EXERCISE AIM
Find the line that contains "IMG_4828.jpg"; please output it and each line after it, exactly as shown, up to the end of the entries below, skipping pictures.

(Short descriptive text snippets)
_ _ _ _ _

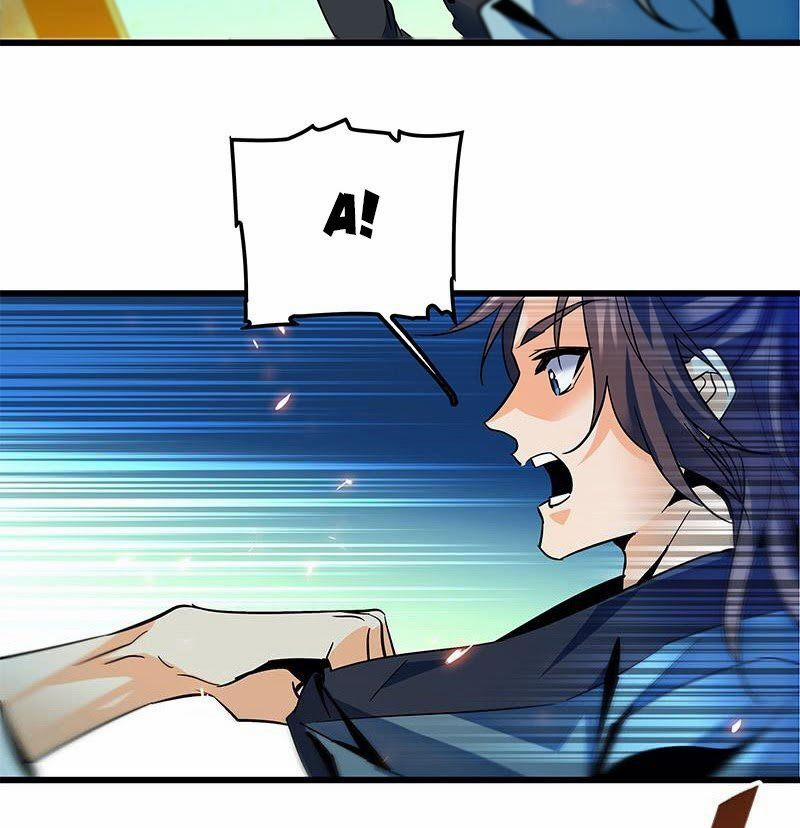 Thần Điêu Hiệp Lữ (New 2020) 9 trang 7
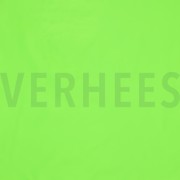 WASSERABWEISEND GRÜN NEON (thumbnail)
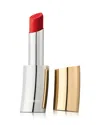 Byredo Matte Lipstick In Red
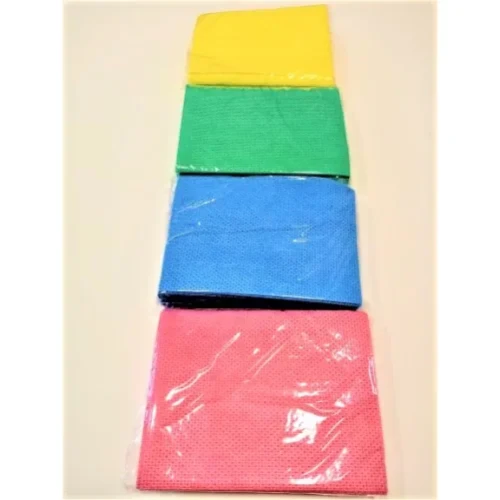 Ściereczki kolor 20szt. (30x40cm).webp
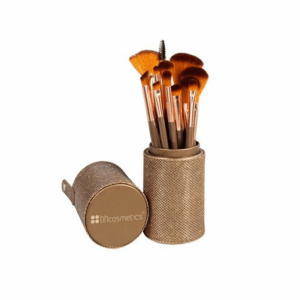 Bộ Cọ BH Bronze 12c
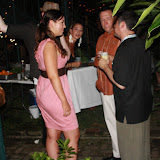 IMG_4828.jpg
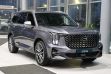 GAC GS8 GL 2.0 АКПП, 2024 превью 2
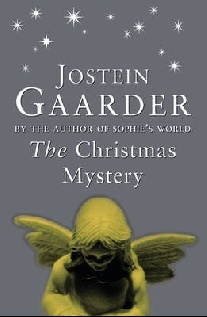 Gaarder, Jostein Christmas mystery 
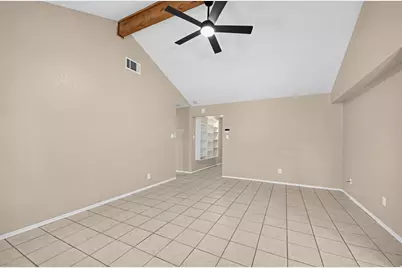 914 Garden Meadow Drive, Georgetown, TX 78628 - Photo 6
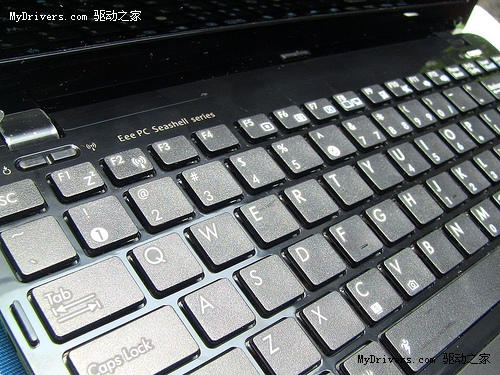 双核＋离子＋USB 3.0：华硕Eee PC 1215N多图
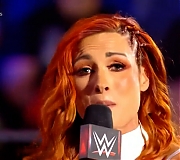 beckyraw20211115_00_04_58_15_Still459.jpg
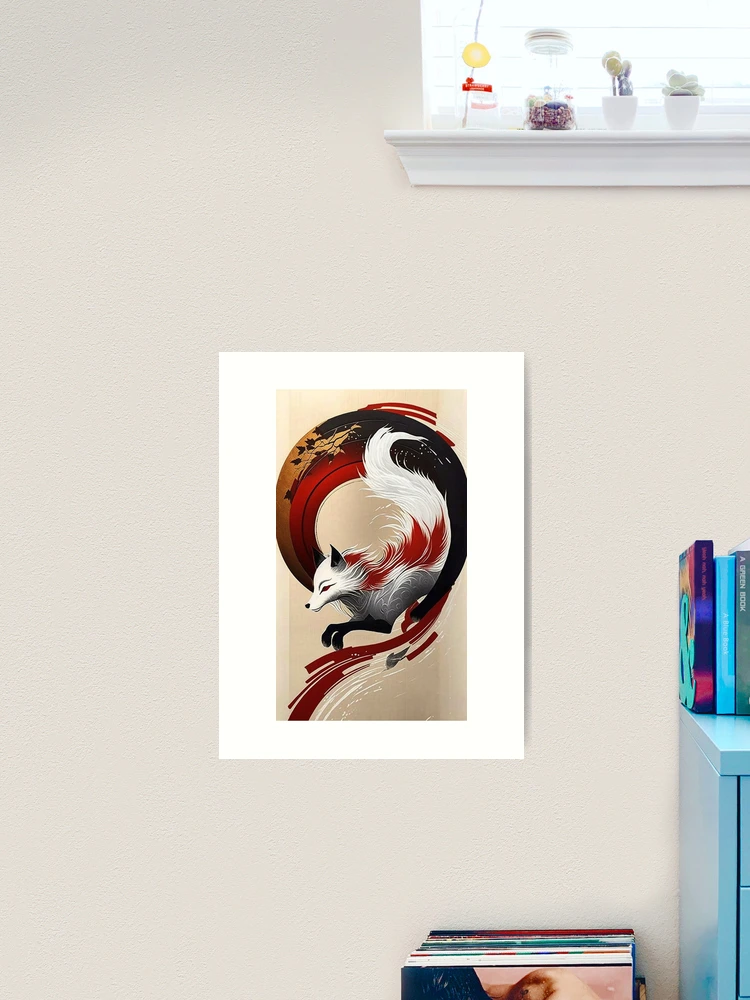 希少 新品 2017 MAISON KITSUNÉ フランス国旗デザイン 希少 新品 2017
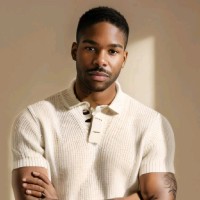 Travis Qualls's profile photo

_ _ _ _ _

OUTPUT OF THE EXERCISE
 IMG_4828.jpg
 GAC GS8 GL 2.0 АКПП, 2024 превью 2
 Gaarder, Jostein Christmas mystery 
 914 Garden Meadow Drive, Georgetown, TX 78628 - Photo 6
 双核＋离子＋USB 3.0：华硕Eee PC 1215N多图
 beckyraw20211115_00_04_58_15_Still459.jpg
 希少 新品 2017 MAISON KITSUNÉ フランス国旗デザイン 希少 新品 2017
 Travis Qualls's profile photo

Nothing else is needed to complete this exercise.